-- DATA SUPPLIED follows --

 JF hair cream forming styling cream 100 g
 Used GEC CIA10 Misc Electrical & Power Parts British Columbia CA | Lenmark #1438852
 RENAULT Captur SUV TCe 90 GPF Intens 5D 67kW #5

-- DATA SUPPLIED concluded --
-- DATA SUPPLIED follows --

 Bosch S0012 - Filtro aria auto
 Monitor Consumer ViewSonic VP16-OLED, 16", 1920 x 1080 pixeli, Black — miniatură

-- DATA SUPPLIED concluded --
-- DATA SUPPLIED follows --

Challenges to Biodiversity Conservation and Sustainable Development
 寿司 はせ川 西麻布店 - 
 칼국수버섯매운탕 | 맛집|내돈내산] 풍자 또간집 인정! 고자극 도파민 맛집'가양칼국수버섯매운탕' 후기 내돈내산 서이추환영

-- DATA SUPPLIED concluded --

EXERCISE REQUIREMENTS: Every line above from the line with "JF hair cream forming styling cream 100 g" to the line with "RENAULT Captur SUV", inclusive, must be returned exactly; no other line belongs in the reply.

SOLUTION TO THIS TASK:
 JF hair cream forming styling cream 100 g
 Used GEC CIA10 Misc Electrical & Power Parts British Columbia CA | Lenmark #1438852
 RENAULT Captur SUV TCe 90 GPF Intens 5D 67kW #5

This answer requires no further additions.